It’s a safe bet that Minnesota’s Advisory Panel on Intractable Pain would have vetoed the state’s entire 2014 medical marijuana law if its cautious members had been given a chance.

Thankfully, the panel’s assignment was limited to making a recommendation on the addition of “intractable pain” to the state’s current nine approved medical uses of the drug. On that question, the panel’s eight members recently declined to deliver. Their rigid decision denies Minnesotans the flexibility to decide with their doctors whether medical marijuana is a good alternative to powerful but risky prescription pain drugs.

Minnesota Health Commissioner Ed Ehlinger will take the panel’s recommendation into account as he makes the final decision before the end of year. The panel’s advice shouldn’t box in Ehlinger. He should consider it with care, but with an eye toward striking a balance between members’ concerns and the Legislature’s willingness to give Minnesotans in need a treatment alternative.

In saying no, the panel ignored the pleas of hundreds for whom other treatments are ineffective or have troubling side effects. Among those seeking an alternative: the family of little Elisa McCann, a St. Paul 2-year-old who suffers from a rare condition that causes her skin to blister at even the slightest touch.

The panel also dismissed multiple medical studies suggesting that the drug has value in treating chronic pain and spasticity. While these studies are far from robust, the evidence supporting the drug’s use for this purpose is stronger than it is for many of the uses the state has already approved: AIDS or HIV, Crohn’s disease, Tourette syndrome, glaucoma, ALS, seizures, muscle spasms, and cancer or a terminal illness that is accompanied by pain or wasting disease. The law allows marijuana only in pill or liquid form.

The panel members had good intentions. They wanted more research on the drug’s dosing and effectiveness. Their point is legitimate. Much more study is indeed needed of marijuana’s use in medicine.

But the toxic politics of marijuana have long prevented research from being done and will continue to do so. In the meantime, it’s well-accepted in medicine that pain can be difficult to treat and that patients do not respond to pain medications uniformly. What the Minnesota law does is allow doctors to decide on a case-by-case basis whether medical marijuana may be useful. It’s worth noting that doctors commonly recommend off-label use of many drugs to treat conditions for which data may be lacking.

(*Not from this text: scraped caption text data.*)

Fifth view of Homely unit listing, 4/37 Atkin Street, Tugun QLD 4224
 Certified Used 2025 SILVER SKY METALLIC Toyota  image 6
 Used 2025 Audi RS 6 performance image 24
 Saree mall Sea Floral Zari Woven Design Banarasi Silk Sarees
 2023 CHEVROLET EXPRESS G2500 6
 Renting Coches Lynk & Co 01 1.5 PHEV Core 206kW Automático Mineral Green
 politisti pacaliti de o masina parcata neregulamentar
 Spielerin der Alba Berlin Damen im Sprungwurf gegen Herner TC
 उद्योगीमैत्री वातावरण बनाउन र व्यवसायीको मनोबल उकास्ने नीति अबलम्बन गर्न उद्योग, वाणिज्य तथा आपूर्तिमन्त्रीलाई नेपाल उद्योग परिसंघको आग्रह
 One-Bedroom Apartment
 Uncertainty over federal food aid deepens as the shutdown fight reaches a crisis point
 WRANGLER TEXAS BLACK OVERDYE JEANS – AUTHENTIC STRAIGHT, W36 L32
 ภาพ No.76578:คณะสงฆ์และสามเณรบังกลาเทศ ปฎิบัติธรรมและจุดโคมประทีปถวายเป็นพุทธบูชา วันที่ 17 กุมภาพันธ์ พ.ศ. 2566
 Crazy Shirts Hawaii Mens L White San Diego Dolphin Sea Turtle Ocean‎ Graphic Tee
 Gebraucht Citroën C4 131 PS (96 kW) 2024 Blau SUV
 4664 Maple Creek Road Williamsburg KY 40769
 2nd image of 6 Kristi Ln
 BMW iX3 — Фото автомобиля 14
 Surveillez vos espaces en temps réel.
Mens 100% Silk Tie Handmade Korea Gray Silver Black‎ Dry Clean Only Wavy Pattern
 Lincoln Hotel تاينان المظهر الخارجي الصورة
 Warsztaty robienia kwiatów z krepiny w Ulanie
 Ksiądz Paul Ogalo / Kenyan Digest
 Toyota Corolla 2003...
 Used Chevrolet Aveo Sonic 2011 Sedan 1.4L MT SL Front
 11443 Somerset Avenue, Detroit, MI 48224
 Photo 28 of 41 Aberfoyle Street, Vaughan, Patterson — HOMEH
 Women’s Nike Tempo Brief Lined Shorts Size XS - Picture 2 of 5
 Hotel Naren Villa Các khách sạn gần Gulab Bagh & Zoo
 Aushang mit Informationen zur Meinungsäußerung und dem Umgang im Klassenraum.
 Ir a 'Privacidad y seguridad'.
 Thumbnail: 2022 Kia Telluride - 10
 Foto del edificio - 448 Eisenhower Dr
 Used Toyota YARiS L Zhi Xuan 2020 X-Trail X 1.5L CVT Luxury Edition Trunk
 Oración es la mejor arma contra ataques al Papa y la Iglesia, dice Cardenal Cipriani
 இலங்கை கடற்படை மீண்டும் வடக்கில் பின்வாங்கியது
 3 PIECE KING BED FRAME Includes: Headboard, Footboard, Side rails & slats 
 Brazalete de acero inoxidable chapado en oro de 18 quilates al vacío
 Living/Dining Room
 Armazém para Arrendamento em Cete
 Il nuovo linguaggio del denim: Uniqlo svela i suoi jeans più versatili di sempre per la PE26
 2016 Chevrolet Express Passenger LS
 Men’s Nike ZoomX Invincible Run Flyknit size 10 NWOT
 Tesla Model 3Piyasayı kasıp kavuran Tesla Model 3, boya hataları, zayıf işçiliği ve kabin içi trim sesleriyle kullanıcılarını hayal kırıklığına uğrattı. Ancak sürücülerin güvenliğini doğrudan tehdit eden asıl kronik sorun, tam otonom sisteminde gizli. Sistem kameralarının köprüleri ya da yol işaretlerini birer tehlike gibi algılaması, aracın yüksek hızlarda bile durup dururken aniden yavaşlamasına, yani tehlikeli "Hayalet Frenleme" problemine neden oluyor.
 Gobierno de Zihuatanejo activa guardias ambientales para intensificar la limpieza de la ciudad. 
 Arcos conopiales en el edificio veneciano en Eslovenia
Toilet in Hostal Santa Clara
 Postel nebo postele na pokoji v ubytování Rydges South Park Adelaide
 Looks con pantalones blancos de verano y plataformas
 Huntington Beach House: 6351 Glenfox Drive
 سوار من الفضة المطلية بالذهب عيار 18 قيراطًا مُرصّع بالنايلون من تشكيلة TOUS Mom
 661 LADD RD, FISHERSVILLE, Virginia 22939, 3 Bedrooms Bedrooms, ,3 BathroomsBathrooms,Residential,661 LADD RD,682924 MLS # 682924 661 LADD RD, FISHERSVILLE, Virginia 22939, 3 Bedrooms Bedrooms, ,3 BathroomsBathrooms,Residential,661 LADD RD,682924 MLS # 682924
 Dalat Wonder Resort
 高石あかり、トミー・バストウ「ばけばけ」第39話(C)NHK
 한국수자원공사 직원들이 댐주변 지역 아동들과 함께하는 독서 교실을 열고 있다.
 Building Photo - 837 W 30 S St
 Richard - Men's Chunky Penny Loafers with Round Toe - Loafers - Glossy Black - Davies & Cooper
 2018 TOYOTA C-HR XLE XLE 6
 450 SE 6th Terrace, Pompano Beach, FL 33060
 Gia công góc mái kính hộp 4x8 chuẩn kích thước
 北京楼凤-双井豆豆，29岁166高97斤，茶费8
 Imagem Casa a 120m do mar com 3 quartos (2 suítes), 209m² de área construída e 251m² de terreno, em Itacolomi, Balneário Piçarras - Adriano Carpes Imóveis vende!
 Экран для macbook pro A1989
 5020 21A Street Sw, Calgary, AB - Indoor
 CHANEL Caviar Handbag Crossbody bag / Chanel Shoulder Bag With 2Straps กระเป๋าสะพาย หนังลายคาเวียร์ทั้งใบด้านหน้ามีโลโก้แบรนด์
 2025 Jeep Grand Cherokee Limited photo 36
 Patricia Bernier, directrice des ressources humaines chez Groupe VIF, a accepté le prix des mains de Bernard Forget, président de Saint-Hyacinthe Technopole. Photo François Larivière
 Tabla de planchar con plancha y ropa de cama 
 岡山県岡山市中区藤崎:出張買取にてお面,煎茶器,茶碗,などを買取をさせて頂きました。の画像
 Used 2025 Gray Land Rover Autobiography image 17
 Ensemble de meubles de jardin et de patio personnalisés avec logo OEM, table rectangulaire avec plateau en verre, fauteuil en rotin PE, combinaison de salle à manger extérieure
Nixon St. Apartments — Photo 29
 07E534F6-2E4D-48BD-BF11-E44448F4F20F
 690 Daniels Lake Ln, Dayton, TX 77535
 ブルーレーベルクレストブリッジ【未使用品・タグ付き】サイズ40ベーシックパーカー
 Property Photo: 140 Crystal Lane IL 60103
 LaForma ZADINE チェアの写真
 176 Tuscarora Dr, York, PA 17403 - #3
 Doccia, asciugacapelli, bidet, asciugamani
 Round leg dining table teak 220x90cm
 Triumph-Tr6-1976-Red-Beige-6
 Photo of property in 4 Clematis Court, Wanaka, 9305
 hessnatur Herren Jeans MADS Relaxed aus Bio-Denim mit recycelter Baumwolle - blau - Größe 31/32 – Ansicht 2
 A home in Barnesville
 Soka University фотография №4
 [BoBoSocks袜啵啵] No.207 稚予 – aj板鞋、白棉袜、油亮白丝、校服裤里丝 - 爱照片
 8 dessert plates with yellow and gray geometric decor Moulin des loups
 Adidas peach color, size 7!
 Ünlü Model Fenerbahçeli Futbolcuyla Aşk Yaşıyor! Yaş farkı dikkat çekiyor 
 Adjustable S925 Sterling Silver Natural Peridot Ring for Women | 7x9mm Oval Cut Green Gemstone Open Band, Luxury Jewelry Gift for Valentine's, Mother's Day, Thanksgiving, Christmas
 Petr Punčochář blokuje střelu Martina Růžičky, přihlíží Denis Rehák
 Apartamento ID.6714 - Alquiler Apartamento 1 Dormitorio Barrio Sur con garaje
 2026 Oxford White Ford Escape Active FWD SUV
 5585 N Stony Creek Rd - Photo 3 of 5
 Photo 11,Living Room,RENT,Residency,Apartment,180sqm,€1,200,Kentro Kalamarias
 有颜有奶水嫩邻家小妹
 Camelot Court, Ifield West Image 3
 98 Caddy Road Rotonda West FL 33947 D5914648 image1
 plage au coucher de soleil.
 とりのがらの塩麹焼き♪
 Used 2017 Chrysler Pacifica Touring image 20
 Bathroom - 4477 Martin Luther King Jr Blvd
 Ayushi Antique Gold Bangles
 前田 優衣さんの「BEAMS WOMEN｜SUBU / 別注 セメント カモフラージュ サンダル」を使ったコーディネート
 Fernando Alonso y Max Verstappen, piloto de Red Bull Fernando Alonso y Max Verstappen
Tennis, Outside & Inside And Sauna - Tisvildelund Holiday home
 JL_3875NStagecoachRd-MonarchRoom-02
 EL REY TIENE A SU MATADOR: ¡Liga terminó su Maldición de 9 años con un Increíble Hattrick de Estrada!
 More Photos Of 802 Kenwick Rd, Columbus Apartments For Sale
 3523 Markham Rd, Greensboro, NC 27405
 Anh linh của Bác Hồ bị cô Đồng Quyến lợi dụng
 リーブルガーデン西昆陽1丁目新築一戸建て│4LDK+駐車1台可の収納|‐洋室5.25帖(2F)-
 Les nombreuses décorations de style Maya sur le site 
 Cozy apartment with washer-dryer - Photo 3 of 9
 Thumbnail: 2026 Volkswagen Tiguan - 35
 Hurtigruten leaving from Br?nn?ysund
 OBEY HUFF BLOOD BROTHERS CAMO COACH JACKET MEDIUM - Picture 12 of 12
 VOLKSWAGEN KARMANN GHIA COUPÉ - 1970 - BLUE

It’s also unclear how much weight the panel gave another important public health concern: the risks of powerful opioids such as OxyContin. The number of deaths linked to their use is considered an epidemic. A 2014 study suggested that prescription drug overdose deaths decreased by 25 percent in states after medical marijuana laws were passed.

If Ehlinger agrees with the panel and rules out medical marijuana for pain, it’s likely that advocates will be back at the Legislature arguing for wide access to the drug. Ehlinger could head off that battle by making some uses allowable — such as neuropathy or rare conditions such as Elisa’s — while attaching preconditions for use that require other remedies to be exhausted first. Doing so would be a compassionate compromise.